Minister of Foreign Affairs
- In office 22 September 2021 – 26 December 2022
- President: Bidhya Devi Bhandari
- Prime Minister: Sher Bahadur Deuba
- Preceded by: Pradeep Kumar Gyawali
- Succeeded by: Bimala Rai Paudyal

1st Minister of Urban Development of Nepal
- In office 25 February 2014 – 10 October 2015
- President: Ram Baran Yadav
- Prime Minister: Sushil Koirala
- Vice President: Paramananda Jha
- Preceded by: established created
- Succeeded by: Arjun Narasingha K.C.

Member of Parliament, Pratinidhi Sabha
- In office 4 March 2018 – 12 September 2026
- Succeeded by: Paras Mani Gelal
- Constituency: Udayapur 1

Member of 1st and 2nd Nepalese Constituent Assembly
- In office 28 May 2008 – 14 October 2017
- Preceded by: Suresh Kumar Rai

Personal details
- Born: 20 March 1949 (age 77) Dingla, Nepal
- Party: Nepali Congress
- Spouse: Dr. Isabella C. Bassignana Khadka
- Parents: Chitra Bahadur Khadka; Dharma Kumari Khadka;
- Education: University of Pune (PhD)

= Narayan Khadka =

Nepali politician

Narayan Khadka is a member of Nepali Congress who has served as the Foreign minister of Nepal since 2021. He has worked previously as Minister of Urban Development under Sushil Koirala-led government.
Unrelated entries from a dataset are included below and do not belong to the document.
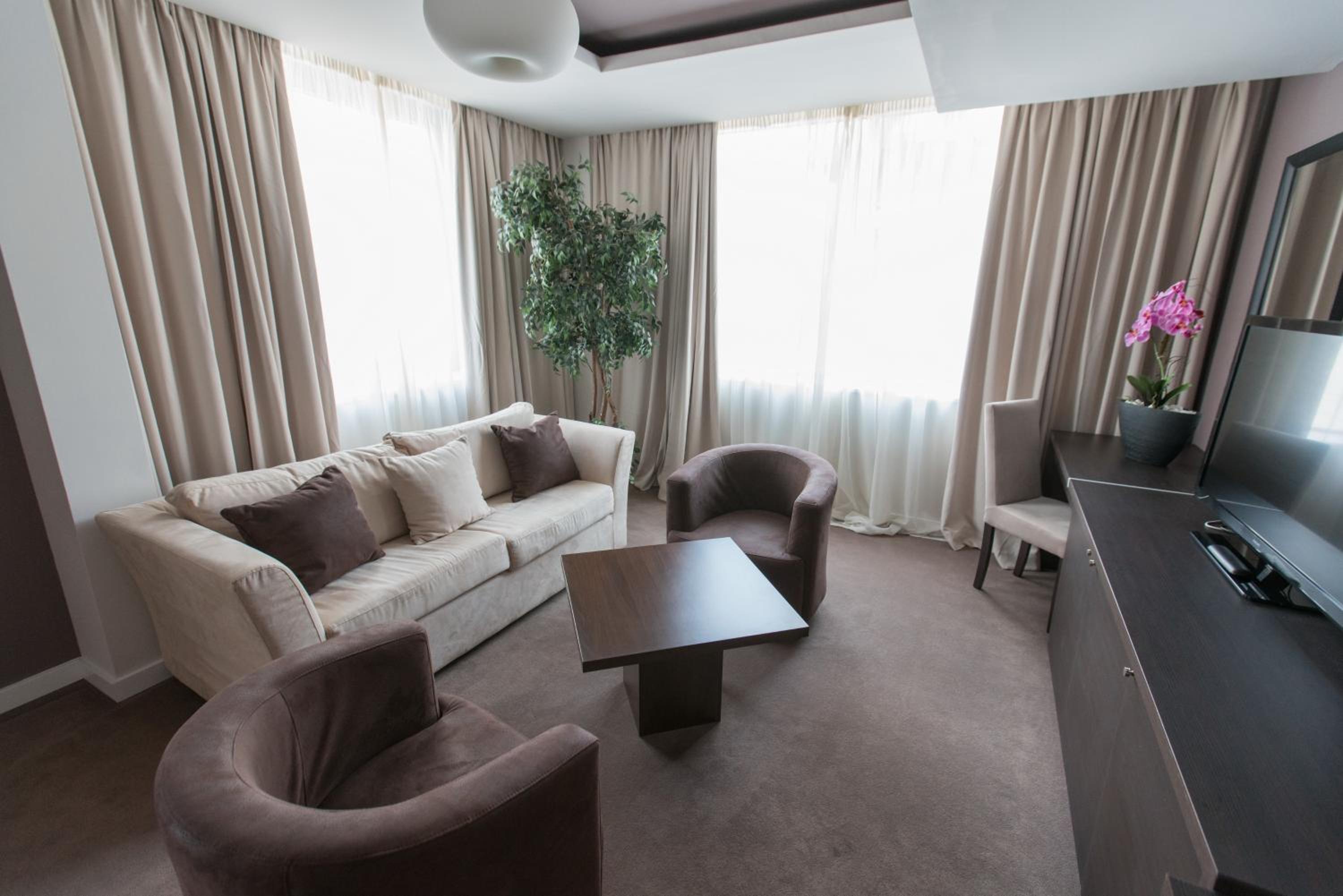 Family Room (2 Adults + 2 Children)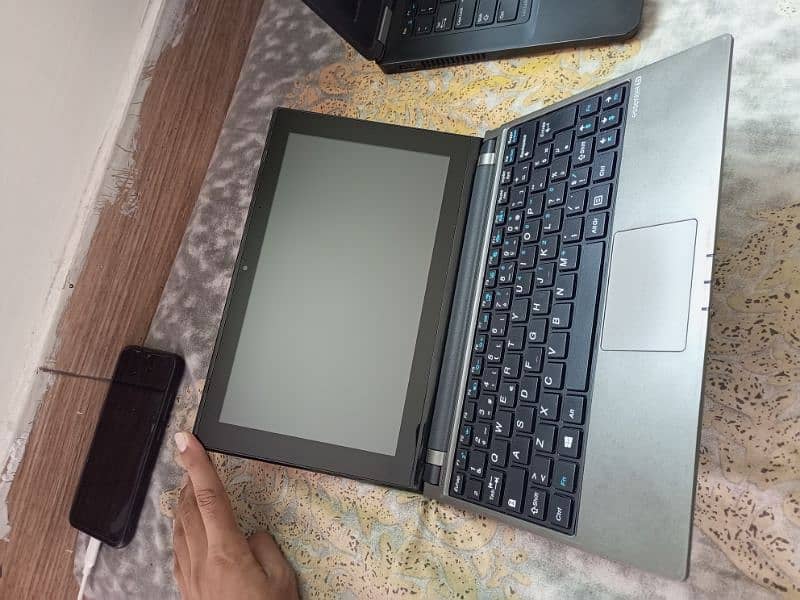 Essentiel Laptop with Touch Screen 0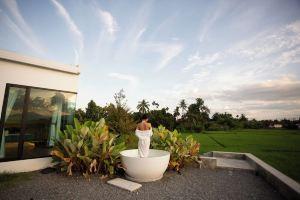 • The Floating Villa • BBQ • Bikes • Rice Fields, San Sai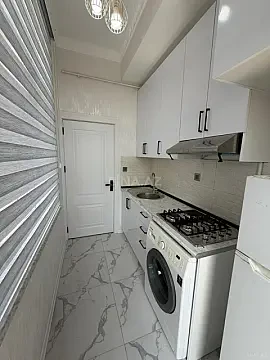 Satılır 2 otaqlı mənzil 47 m²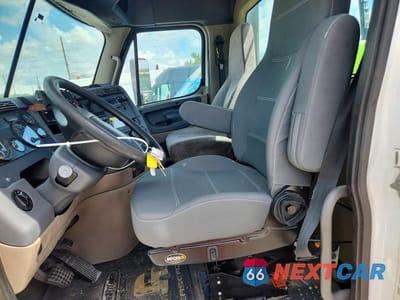 Zdjęcie 7 z 12 samochodu: 2018 FREIGHTLINER CASCADIA 1 - SEMI TRUCK VIN:1FUGGEDV0JLHB4053 - miniatura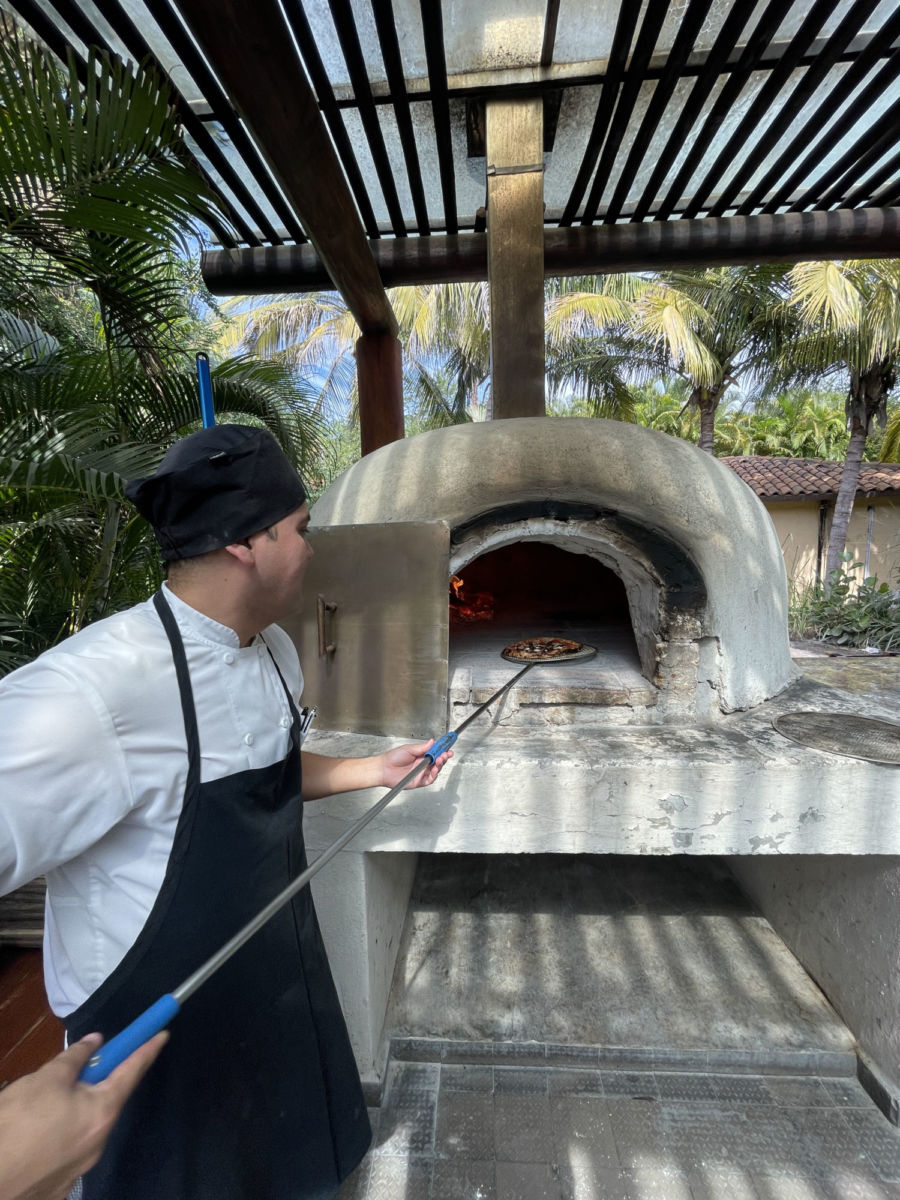 Puedes ver cómo se hace tu pizza en el horno de piedra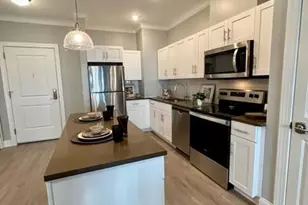 75 E Hoffman Ave, Lindenhurst, NY 11757 - Photo 4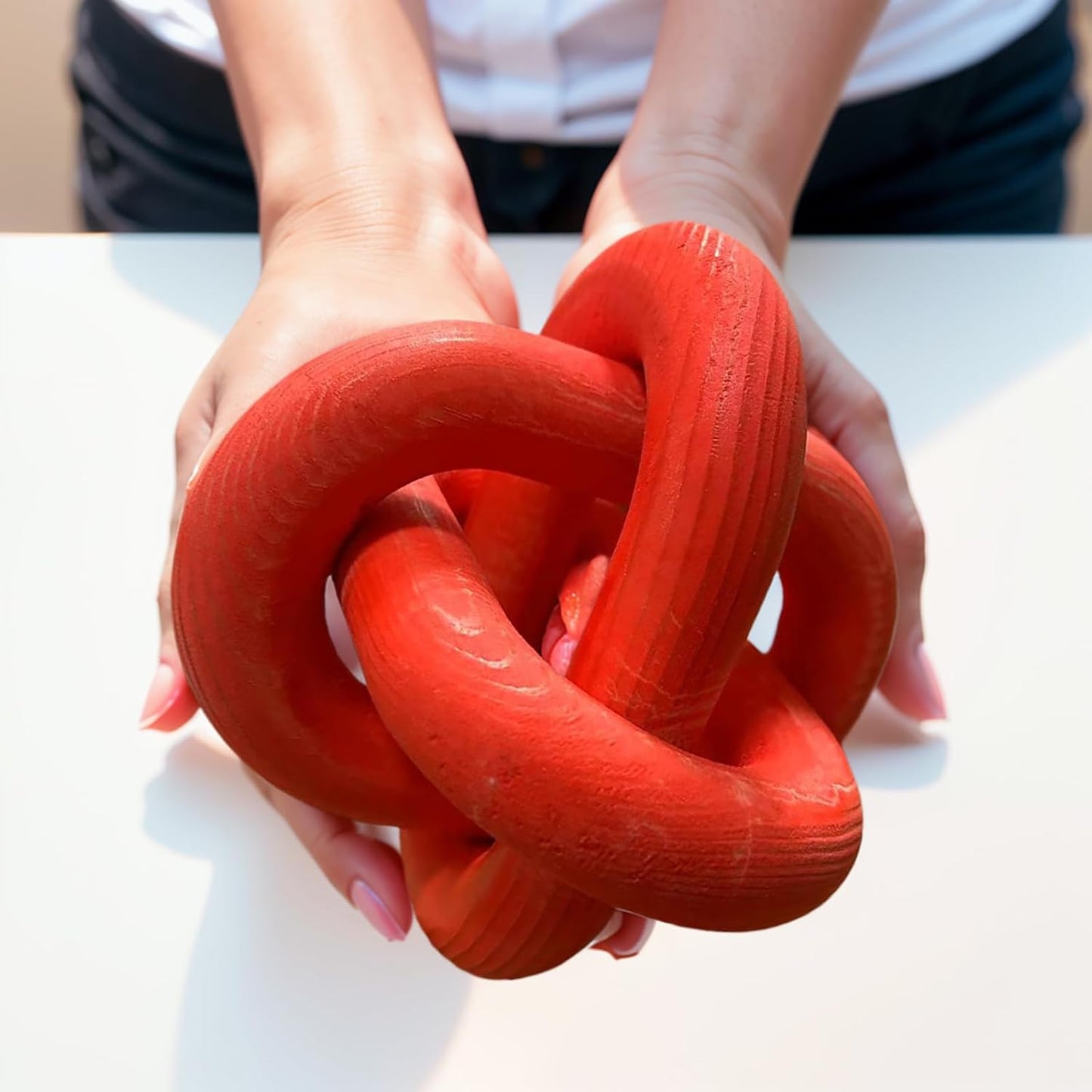 Wood Knot Chain Link Decor / Red
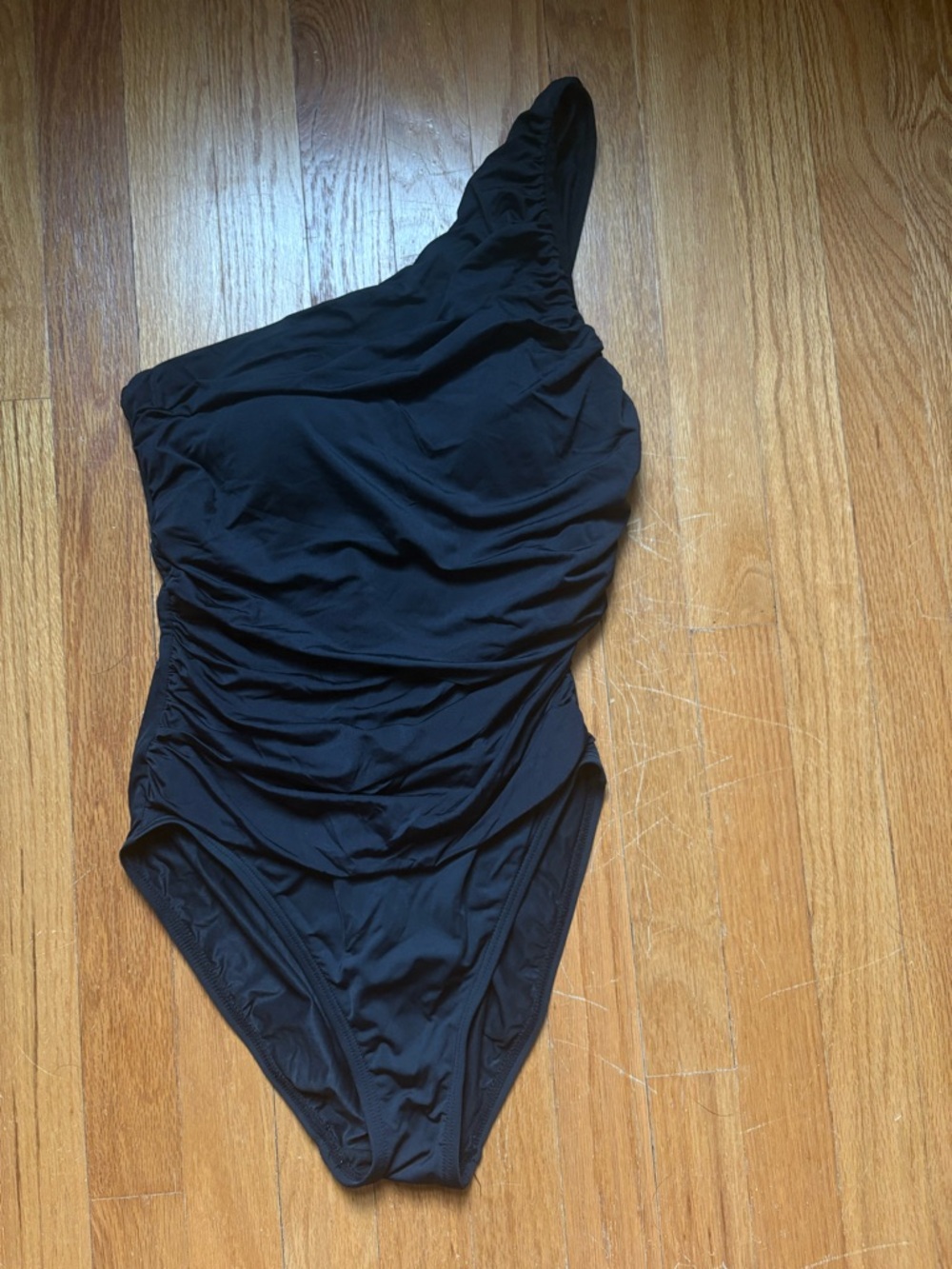 La Blanca One-Shoulder Black Ruched One-Piece Swimsuit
He was a member of the 2nd Nepalese Constituent Assembly. He won the Udayapur-1 seat in 2013 Nepalese Constituent Assembly election from the Nepali Congress. He was appointed as Foreign Minister by President Bidhya Devi Bhandari on 22 September 2021.

==Personal life==
Narayan Khadka was born on 20 March 1949 in Bhojpur to Chitra Bahadur Khadka and Dharma Kumari Khadka. He has done his Ph.D. in Economics from Pune, India.

==Political career==
He joined politics in 1967. He had served as the vice-chairman of National Planning Commission of Nepal.

He was also the member of 1st Nepalese Constituent Assembly where he was a member of the National Interest Preservation Committee.